WORK TO COMPLETE> Copy exactly, and only, the lines from the line containing "VC Nudge Trial Normal Light ItalicPreview VC" through the last line of the records below, both included, and leave out any pictures.

MATERIAL FOR THE TASK>
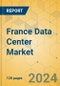 France Data Center Market - Investment Analysis & Growth Opportunity 2024-2029 - Product Thumbnail Image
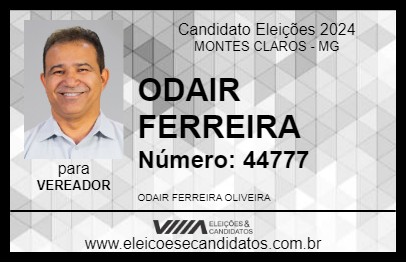 Candidato ODAIR FERREIRA 2024 - MONTES CLAROS - Eleições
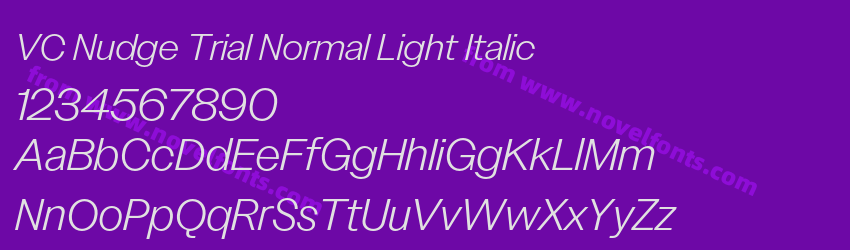VC Nudge Trial Normal Light ItalicPreview VC Nudge Trial Normal Light ItalicPreview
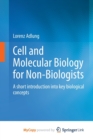 Image for Cell and Molecular Biology for Non-Biologists : A short introduction into key biological concepts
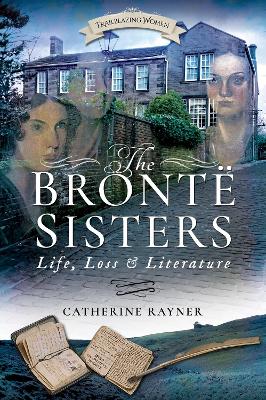 Bronte Sisters: Life, Loss and Literature book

RESPONSE>
VC Nudge Trial Normal Light ItalicPreview VC Nudge Trial Normal Light ItalicPreview
 Image for Cell and Molecular Biology for Non-Biologists : A short introduction into key biological concepts
 Bronte Sisters: Life, Loss and Literature book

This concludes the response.